A depender do cenário, é possível que algumas regiões do Brasil, especialmente a região norte, o interior do Nordeste e o centro do país, registrem 80 ou mais dias por ano com temperaturas extremas em relação às décadas passadas.
O meteorologista Carlos Nobre explica que, apesar de fenômenos climáticos como ondas de calor existirem há milhões de anos, eles vêm se tornando cada vez mais frequentes devido ao aumento da temperatura da Terra.
“O planeta está mais quente, então ele joga mais energia na atmosfera, principalmente através da evaporação da água. Então, tendo mais energia na atmosfera, todo tipo de evento acontece com mais intensidade. Ondas de calor, chuva extrema, seca extrema, rajadas de vento sempre existiram, mas agora estão batendo recordes”, alerta.

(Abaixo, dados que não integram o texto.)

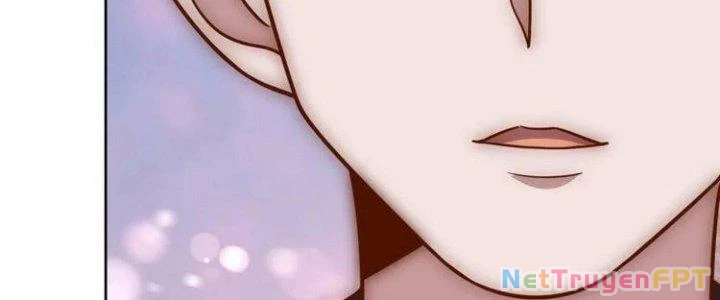 Ta Dựa Vào Ăn Uống Để Giải Cứu Thế Giới Chapter 8 - 78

Para Costa, é importante discutir adaptações às novas condições climáticas, como questões arquitetônicas, de planejamento urbano e do mundo do trabalho, mas também é necessário entender que há limites para as adaptações. “A gente precisa falar de redução radical das emissões de gás, de zerar desmatamento, de abandonar combustíveis fósseis como ponto de energia”, afirma.
Além disso, Zen aponta que a divulgação de informações equivocadas causa alarmismo na população, tirando o foco da discussão real sobre o problema. “A gente precisa de mais ciência, mais bom senso e critérios mais rigorosos para as publicações, tendo em vista a repercussão e amplitude que uma informação falsa possui”, concluiu ele.
O caminho da apuração
Aos Fatos consultou especialistas em meteorologia, climatologia e meio ambiente, que explicaram o motivo pelo qual a estimativa divulgada pela imprensa e viral nas redes está equivocada. Também utilizamos a ferramenta disponível no site do Climatempo para criar um gráfico comparativo entre a temperatura e umidade relativa do ar na cidade do Rio de Janeiro.